Compute the differences between the serial terms
3y 7 15 2y+1
3y-7 -8 -2y+14 then compute the differences between these serial terms ....they should all be equal
3y+1 2y -22 these two terms are equal
3y+1 = 2y-22
y = -23 (If I did this correctly....I just did a quick lesson on Quad Sequences)
y = - 23
a_n = -34 n^2 + 178 n - 213 (closed form)
Sequence -69, 7, 15, -45, -173, -369, -633, -965, -1365, -1833, -2369, -2973, ...
First difference = 76, 8, -60, -128, -196.....etc.
2nd difference = -68, - 68, - 68, -68.......etc. [This is why it is called "Quadratic Sequence"]

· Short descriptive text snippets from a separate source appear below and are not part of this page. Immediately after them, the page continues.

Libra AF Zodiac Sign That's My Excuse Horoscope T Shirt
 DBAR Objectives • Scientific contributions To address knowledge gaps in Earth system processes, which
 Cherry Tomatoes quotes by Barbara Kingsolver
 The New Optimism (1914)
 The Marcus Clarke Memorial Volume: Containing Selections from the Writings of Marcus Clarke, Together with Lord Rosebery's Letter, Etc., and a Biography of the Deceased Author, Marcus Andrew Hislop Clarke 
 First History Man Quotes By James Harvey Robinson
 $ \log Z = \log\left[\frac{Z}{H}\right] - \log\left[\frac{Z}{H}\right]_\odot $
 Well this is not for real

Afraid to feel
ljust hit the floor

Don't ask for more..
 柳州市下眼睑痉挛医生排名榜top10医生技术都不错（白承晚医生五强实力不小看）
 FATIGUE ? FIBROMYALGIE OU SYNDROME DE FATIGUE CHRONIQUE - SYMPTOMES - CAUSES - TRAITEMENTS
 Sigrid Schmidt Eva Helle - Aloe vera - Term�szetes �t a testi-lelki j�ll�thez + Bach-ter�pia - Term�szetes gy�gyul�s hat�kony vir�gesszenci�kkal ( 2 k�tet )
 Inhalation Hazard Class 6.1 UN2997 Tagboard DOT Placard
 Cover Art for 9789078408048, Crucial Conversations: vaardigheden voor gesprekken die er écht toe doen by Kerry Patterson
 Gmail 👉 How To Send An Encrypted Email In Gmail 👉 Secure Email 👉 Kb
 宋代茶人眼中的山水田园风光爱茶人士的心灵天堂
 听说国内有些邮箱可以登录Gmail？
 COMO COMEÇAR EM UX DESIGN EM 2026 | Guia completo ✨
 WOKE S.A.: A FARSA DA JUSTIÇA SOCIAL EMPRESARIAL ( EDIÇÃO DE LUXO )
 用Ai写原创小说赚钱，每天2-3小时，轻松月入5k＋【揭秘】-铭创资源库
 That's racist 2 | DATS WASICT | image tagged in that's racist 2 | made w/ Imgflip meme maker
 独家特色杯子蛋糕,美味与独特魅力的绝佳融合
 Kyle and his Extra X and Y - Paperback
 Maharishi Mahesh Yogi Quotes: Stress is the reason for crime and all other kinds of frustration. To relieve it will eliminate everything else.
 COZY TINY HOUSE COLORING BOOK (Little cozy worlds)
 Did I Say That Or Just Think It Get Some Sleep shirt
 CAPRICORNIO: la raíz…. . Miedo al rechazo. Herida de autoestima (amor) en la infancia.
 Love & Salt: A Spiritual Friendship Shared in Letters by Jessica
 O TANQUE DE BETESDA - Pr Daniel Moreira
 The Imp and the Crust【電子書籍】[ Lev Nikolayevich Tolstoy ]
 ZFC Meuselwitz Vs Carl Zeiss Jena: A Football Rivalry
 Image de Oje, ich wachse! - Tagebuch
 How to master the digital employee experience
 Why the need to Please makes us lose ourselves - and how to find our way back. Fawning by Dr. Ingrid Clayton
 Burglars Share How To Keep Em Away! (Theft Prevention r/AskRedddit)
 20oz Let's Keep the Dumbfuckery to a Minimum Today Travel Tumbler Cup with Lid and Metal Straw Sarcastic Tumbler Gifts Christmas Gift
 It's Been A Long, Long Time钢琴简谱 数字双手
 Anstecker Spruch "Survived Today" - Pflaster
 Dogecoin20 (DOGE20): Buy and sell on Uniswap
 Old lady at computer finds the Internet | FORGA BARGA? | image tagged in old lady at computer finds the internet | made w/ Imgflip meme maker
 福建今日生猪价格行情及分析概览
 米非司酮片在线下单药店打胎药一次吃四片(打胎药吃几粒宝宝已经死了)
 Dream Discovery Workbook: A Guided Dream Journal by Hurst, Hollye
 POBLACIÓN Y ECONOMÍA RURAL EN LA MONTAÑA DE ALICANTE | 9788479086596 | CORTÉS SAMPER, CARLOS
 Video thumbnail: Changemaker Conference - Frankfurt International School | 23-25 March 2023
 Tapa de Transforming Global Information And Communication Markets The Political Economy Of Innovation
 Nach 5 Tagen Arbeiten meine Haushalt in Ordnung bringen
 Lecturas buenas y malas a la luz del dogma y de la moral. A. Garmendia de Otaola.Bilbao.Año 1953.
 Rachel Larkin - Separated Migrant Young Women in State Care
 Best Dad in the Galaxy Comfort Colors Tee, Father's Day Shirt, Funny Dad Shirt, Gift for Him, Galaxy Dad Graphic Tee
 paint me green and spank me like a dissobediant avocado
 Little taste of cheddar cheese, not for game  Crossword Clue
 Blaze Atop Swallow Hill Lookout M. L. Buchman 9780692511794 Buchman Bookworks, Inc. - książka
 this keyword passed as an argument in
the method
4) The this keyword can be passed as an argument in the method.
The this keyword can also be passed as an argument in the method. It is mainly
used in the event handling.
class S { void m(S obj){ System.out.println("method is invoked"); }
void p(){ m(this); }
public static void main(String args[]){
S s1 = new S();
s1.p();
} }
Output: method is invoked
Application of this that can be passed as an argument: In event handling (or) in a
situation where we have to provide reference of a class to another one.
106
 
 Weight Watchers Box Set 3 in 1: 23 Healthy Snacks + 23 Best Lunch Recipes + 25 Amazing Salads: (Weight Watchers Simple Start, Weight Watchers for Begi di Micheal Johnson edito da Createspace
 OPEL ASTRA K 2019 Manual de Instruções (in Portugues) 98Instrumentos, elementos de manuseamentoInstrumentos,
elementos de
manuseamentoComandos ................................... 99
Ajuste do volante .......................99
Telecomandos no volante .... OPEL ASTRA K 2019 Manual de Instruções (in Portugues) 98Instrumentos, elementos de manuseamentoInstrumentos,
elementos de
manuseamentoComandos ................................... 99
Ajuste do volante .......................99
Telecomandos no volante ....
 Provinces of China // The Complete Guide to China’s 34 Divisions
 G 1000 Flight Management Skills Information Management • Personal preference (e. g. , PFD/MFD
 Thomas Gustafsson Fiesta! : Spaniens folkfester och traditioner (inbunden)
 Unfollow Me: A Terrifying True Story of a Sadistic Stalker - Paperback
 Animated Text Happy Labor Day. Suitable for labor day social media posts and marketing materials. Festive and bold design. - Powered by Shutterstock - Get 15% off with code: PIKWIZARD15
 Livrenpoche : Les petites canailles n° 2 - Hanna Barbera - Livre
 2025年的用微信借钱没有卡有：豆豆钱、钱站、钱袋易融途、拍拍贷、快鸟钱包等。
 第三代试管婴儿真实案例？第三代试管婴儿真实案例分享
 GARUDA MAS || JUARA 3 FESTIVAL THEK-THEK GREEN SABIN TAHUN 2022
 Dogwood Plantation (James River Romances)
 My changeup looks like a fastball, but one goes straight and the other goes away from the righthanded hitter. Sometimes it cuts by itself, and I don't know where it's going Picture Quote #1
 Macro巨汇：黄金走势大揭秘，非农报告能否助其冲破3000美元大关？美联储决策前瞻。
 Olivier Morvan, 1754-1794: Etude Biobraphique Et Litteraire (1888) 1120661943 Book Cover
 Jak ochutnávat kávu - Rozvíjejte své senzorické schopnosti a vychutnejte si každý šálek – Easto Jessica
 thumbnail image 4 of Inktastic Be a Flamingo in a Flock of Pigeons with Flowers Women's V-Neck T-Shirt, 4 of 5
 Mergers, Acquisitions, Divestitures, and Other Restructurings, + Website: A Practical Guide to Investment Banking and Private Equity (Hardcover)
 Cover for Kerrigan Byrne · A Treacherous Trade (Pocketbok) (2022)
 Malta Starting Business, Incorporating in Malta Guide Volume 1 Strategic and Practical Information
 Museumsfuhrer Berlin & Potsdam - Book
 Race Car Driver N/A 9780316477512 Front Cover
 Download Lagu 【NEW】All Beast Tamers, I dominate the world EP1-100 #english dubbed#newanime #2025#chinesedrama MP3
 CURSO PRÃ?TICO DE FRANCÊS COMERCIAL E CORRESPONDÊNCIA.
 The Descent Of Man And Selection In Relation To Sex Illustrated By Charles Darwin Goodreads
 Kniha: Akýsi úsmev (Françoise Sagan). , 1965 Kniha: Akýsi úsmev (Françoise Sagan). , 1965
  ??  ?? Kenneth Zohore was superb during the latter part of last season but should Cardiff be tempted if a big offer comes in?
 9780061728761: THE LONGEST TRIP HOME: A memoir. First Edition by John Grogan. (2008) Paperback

EP has given you a good answer, my answer is the same.
I am just going to give you a couple of examples first to help you understand
Now for you one. And this is exactly the same as what EP did
I hope EP and I have helped you understand.
I do understand everything you had shared with me....really I do..thank you also for helping..again....
I do however need to ask something....with quadratic sequences we have a 1st and 2nd difference, okay, I know the second difference is ALWAYS Arithmetic by nature...The 1st one however, is that aslo always Aritmetic or can that be of a geometric nature as well?
If it is a quadratic sequence,
the sequence of first differences has to be an arithmetic sequence.
BECAUSE the second sequence of differences must all be the identical same number.